### WORK REQUEST
From the first line of the data through the line containing "Ein Kameramann filmt", return each line exactly.

### SOURCE RECORDS
##########

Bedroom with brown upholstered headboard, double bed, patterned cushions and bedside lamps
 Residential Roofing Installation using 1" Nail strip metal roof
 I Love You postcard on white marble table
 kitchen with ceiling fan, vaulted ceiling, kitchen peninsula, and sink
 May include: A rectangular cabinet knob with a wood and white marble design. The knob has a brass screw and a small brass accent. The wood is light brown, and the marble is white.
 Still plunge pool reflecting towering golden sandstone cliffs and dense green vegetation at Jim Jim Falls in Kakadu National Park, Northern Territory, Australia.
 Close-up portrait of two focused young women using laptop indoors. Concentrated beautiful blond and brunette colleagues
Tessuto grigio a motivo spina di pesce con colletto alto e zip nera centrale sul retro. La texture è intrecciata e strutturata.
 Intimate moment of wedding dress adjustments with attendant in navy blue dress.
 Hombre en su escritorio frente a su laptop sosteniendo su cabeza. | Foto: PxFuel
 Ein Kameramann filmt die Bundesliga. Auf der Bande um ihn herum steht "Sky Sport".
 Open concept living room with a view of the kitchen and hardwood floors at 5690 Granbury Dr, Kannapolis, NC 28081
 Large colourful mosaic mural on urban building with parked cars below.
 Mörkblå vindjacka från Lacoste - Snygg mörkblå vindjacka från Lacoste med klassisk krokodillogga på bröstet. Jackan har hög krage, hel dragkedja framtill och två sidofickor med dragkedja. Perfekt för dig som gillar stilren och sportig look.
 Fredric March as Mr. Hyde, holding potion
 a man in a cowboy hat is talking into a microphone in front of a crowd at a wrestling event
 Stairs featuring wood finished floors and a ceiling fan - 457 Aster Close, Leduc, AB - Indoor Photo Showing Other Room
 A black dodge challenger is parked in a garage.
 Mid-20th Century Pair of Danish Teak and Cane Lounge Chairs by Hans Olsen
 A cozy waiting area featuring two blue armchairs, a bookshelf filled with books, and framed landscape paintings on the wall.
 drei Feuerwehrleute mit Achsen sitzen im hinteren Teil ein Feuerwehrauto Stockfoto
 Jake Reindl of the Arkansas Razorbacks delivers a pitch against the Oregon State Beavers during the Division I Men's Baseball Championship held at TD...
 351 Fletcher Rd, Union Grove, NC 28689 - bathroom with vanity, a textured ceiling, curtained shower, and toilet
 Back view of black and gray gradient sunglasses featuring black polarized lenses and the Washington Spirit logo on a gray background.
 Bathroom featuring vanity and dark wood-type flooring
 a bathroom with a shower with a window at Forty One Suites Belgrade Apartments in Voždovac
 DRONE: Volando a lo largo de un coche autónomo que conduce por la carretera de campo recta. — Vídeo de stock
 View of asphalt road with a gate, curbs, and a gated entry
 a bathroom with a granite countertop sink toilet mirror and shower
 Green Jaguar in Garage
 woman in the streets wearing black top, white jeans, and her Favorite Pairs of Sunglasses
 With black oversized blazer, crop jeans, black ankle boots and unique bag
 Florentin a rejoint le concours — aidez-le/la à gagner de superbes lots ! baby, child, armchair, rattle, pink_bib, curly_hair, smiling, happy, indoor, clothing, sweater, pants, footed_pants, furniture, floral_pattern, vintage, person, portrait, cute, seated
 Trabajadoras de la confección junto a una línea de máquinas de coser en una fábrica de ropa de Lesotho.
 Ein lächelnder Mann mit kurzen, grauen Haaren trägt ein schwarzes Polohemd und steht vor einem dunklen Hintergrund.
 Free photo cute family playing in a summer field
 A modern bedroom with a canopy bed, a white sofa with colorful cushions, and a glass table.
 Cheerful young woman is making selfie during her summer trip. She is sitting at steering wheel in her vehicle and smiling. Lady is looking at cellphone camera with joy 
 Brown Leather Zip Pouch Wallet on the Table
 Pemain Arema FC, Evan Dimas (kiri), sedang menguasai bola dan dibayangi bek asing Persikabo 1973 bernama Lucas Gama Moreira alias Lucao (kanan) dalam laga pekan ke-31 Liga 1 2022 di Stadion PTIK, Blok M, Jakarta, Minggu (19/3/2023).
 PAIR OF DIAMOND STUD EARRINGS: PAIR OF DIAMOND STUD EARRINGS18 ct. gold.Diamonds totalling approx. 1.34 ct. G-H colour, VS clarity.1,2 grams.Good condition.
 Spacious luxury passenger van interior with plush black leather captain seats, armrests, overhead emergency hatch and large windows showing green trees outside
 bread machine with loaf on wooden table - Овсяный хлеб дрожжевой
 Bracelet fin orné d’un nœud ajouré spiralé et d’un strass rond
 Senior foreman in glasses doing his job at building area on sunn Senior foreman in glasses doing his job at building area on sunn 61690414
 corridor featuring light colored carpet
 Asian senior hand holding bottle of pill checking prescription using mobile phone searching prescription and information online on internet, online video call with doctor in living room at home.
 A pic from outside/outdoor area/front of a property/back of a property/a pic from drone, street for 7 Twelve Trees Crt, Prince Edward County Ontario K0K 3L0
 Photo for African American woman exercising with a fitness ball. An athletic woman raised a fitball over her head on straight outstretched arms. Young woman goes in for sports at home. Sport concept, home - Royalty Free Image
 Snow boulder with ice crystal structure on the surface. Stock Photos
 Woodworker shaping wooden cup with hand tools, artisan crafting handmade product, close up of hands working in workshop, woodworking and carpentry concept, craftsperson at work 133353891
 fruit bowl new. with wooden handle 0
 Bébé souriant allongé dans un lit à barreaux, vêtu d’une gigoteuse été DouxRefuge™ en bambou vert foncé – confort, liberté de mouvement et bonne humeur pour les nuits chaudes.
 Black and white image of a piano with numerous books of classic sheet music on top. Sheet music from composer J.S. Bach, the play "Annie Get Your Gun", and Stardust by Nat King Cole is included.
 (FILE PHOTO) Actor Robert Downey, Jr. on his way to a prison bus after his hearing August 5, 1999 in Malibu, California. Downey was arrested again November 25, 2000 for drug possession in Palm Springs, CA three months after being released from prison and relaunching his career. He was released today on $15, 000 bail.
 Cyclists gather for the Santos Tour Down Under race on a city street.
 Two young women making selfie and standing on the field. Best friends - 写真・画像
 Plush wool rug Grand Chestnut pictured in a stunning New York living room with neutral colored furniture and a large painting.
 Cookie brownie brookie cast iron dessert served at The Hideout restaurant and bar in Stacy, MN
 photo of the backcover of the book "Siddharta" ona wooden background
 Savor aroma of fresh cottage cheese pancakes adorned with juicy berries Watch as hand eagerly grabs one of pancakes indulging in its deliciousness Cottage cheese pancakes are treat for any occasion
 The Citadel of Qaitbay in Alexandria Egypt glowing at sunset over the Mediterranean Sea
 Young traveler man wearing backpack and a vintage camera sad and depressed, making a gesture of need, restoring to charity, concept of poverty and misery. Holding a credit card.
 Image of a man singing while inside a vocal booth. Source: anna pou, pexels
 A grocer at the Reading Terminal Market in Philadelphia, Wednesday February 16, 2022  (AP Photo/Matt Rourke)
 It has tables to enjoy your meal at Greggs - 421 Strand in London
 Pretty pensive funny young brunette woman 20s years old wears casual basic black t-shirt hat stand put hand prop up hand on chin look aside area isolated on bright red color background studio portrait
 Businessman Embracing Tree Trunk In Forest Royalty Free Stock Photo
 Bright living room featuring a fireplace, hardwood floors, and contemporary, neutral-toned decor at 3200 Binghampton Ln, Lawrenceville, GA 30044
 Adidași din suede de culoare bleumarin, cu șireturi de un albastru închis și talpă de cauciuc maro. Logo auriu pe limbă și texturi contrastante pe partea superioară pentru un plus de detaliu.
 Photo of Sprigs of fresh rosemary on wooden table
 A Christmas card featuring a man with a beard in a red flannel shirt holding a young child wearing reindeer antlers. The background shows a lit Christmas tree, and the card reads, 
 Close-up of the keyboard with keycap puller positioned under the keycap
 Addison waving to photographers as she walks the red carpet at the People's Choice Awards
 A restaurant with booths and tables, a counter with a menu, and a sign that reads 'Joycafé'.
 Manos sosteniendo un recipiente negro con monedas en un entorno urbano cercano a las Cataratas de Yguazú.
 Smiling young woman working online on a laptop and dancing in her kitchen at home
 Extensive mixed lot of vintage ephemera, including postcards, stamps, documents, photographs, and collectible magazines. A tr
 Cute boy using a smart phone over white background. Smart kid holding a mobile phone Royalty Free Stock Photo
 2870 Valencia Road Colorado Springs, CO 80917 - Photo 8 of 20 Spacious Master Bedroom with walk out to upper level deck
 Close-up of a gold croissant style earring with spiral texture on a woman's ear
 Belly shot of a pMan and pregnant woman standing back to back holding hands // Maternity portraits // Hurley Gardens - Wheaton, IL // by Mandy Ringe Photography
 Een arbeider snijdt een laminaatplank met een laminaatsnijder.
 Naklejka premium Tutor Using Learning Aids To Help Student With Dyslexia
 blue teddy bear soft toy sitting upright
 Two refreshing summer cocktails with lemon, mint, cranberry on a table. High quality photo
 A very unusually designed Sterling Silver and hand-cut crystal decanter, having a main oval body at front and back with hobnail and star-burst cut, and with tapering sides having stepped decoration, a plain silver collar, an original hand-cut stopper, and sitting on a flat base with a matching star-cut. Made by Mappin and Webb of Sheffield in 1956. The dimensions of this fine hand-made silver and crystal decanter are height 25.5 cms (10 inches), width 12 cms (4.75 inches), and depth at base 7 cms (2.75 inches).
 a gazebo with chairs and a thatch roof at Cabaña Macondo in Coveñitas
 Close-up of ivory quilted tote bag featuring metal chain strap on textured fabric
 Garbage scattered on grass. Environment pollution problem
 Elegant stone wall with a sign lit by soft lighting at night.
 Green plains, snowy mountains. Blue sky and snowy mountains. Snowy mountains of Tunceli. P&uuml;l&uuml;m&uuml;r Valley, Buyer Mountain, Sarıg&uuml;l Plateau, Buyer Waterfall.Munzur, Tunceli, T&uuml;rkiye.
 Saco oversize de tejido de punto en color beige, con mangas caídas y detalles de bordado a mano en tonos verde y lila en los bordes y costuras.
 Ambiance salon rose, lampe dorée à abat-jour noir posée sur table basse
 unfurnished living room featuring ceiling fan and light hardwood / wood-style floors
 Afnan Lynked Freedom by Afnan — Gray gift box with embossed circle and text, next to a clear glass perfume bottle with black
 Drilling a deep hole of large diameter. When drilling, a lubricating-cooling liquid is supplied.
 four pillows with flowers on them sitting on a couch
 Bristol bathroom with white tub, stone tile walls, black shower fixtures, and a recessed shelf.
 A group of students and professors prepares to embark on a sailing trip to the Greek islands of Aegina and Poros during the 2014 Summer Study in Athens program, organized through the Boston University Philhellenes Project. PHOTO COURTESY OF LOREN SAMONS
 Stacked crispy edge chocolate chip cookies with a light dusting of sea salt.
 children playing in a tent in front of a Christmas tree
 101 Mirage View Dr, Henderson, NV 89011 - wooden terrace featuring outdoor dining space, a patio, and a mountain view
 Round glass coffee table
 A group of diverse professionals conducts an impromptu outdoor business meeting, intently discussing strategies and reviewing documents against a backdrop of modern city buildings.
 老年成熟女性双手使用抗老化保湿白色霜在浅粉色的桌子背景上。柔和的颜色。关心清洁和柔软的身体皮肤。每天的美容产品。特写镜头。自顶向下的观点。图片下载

##########

### COMPLETED EXERCISE
Bedroom with brown upholstered headboard, double bed, patterned cushions and bedside lamps
 Residential Roofing Installation using 1" Nail strip metal roof
 I Love You postcard on white marble table
 kitchen with ceiling fan, vaulted ceiling, kitchen peninsula, and sink
 May include: A rectangular cabinet knob with a wood and white marble design. The knob has a brass screw and a small brass accent. The wood is light brown, and the marble is white.
 Still plunge pool reflecting towering golden sandstone cliffs and dense green vegetation at Jim Jim Falls in Kakadu National Park, Northern Territory, Australia.
 Close-up portrait of two focused young women using laptop indoors. Concentrated beautiful blond and brunette colleagues
Tessuto grigio a motivo spina di pesce con colletto alto e zip nera centrale sul retro. La texture è intrecciata e strutturata.
 Intimate moment of wedding dress adjustments with attendant in navy blue dress.
 Hombre en su escritorio frente a su laptop sosteniendo su cabeza. | Foto: PxFuel
 Ein Kameramann filmt die Bundesliga. Auf der Bande um ihn herum steht "Sky Sport".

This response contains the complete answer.